Scaling limits for the uniform infinite quadrangulation

TL;DR

This paper investigates the asymptotic geometric properties of the uniform infinite quadrangulation, revealing its scaling limits and volume growth behavior through advanced probabilistic tools and bijections.

Contribution

It introduces a detailed analysis of the scaling limits of the uniform infinite quadrangulation using Brownian snakes and extends Schaeffer's bijection for this purpose.

Findings

Scaling limit of the contour functions described by eternal conditioned Brownian snakes

Asymptotics for volume of large balls in the quadrangulation

Establishment of the scaling limit for the quadrangulation via bijection

Abstract

The uniform infinite planar quadrangulation is an infinite random graph embedded in the plane, which is the local limit of uniformly distributed finite quadrangulations with a fixed number of faces.

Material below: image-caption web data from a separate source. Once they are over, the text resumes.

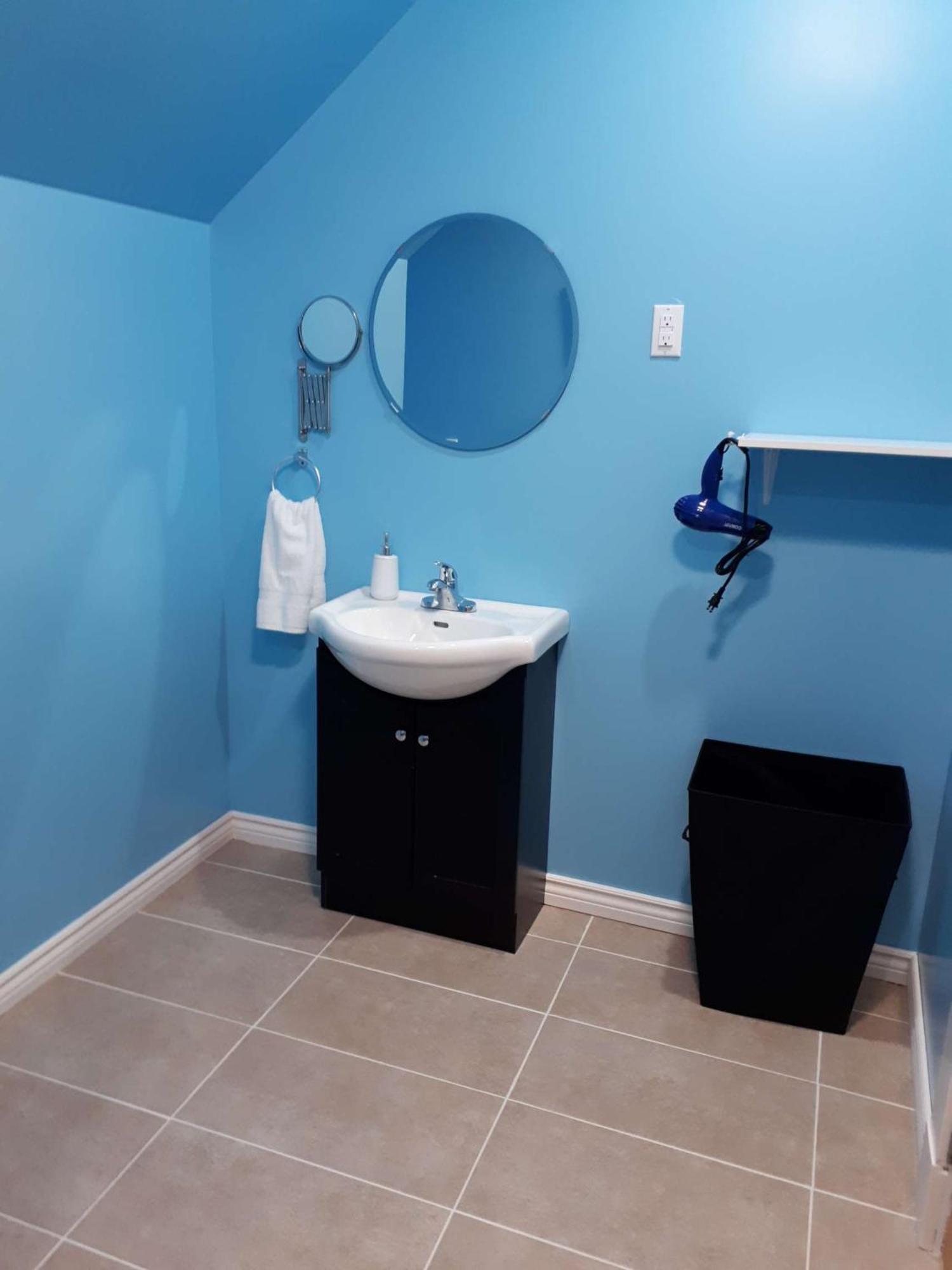 Dans Les Draps De Morphee Bed & Breakfast Campbellton Bagian luar foto
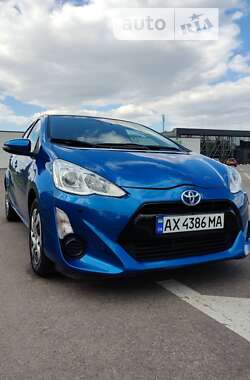 Хэтчбек Toyota Aqua 2015 в Киеве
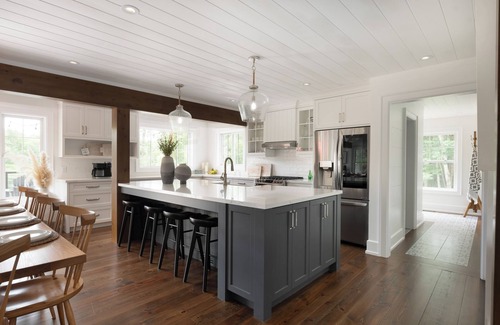 Muskoka Lakes Casa | Lakefront Paradise: Modern Comfort & Stunning View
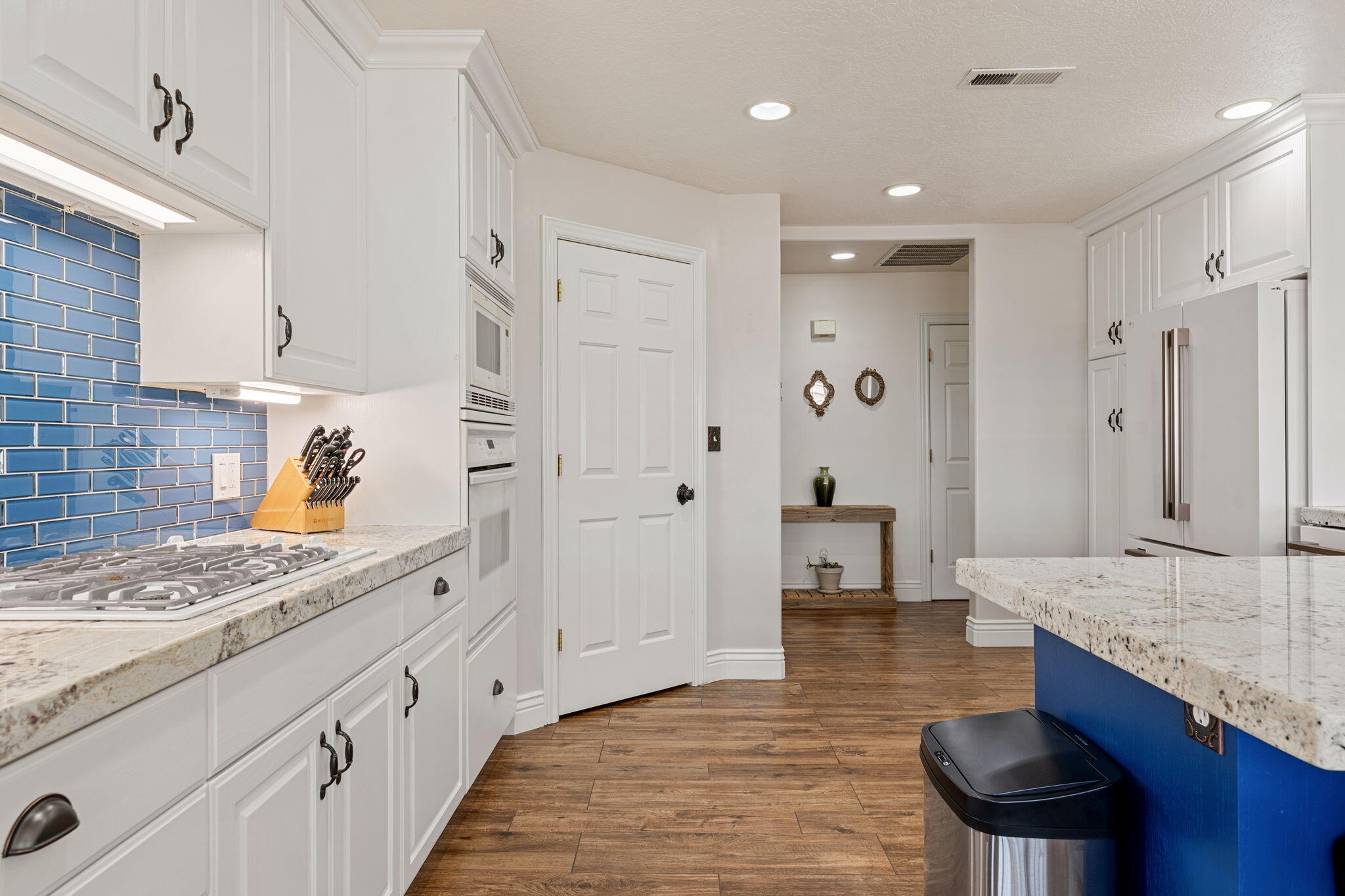 FOREMASTER RIDGE - Residential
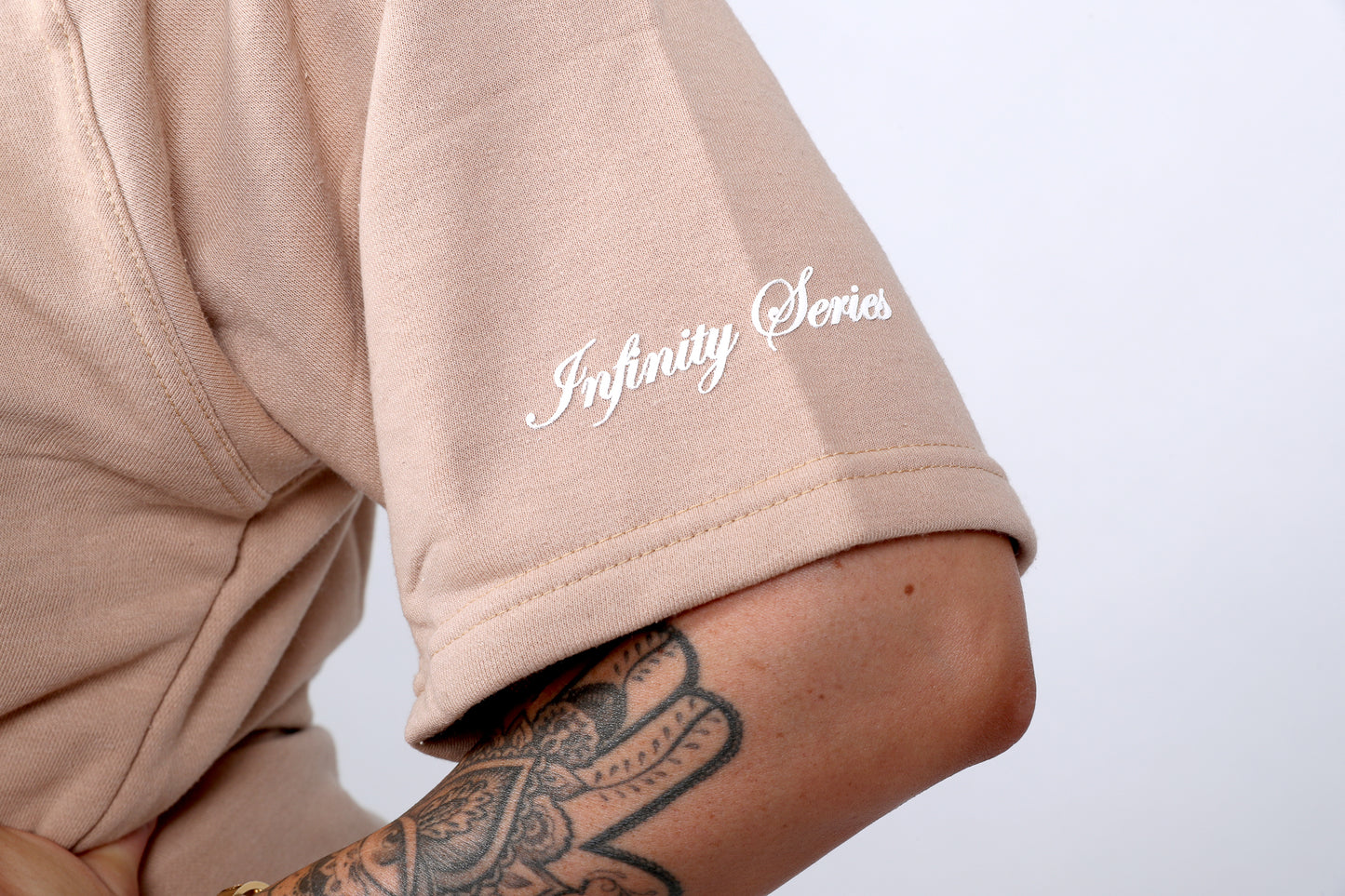 INFINITY SERIES CLASSIC OVERSIZED SHIRT BEIGE/WEISS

We study asymptotic properties of this random graph. In particular, we investigate scaling limits of the profile of distances from the distinguished point called the root, and we get asymptotics for the volume of large balls. As a key technical tool, we first describe the scaling limit of the contour functions of the uniform infinite well-labeled tree, in terms of a pair of eternal conditioned Brownian snakes. Scaling limits for the uniform infinite quadrangulation can then be derived thanks to an extended version of Schaeffer's bijection between well-labeled trees and rooted quadrangulations.